## What is a Reciprocal?

A reciprocal is a fraction that has been flipped upside-down. The word comes from the Latin root word “reciprocus” which means “alternating” or “going backward and forward”. Ancient mathematicians chose this word because you have to switch or “alternate” the numerator and denominator to find the reciprocal of a fraction.

## Examples

The reciprocal of \(\frac{3}{5}\) is \(\frac{5}{3}\).

The reciprocal of \(\frac{1}{2}\) is \(\frac{2}{1}\) which can be simplified to \(2\).

The reciprocal of \(6\) is \(\frac{1}{6}\).

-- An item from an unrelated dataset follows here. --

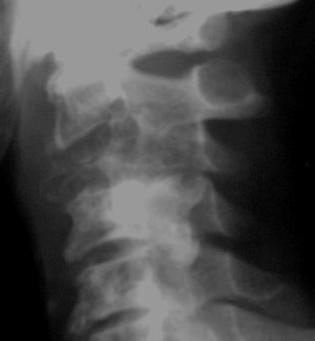 Primary neoplasms are rare in the cervical spine but it is not infrequently involved in metastatic disease or multiple myeloma.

## Multiplicative Inverse Property

Reciprocals are also known as multiplicative inverses and every number has one. The Multiplicative Inverse Property says that if you multiply any number by its multiplicative inverse, the product is 1.

For example, the multiplicative inverse of \(\frac{2}{3}\) is \(\frac{3}{2}\). And when you multiply the original fraction by its multiplicative inverse, the product is 1.

\[\frac{2}{3} \times \frac{3}{2} = \frac{6}{6} = 1\]

## Reciprocals of Whole Numbers

If you are ever asked to find the reciprocal of a whole number, just remember that whole numbers can be written as fractions. For example, the whole number \(8\) can be written as \(\frac{8}{1}\). After the whole number is written as a fraction, you can reverse the numerator and denominator to find the reciprocal \(\frac{1}{8}\).

## When Will I Use Reciprocals?

When you divide fractions, you will multiply the first fraction by the reciprocal of the second fraction.

When you solve equations, you can multiply both sides of the equation by the multiplicative inverse of a coefficient to solve for the variable.

When you divide rational expressions (fractions with polynomials), you will multiply the first rational expression by the reciprocal of the second.

When you are asked to find the slope of perpendicular lines, the slopes will be opposite reciprocals of each other.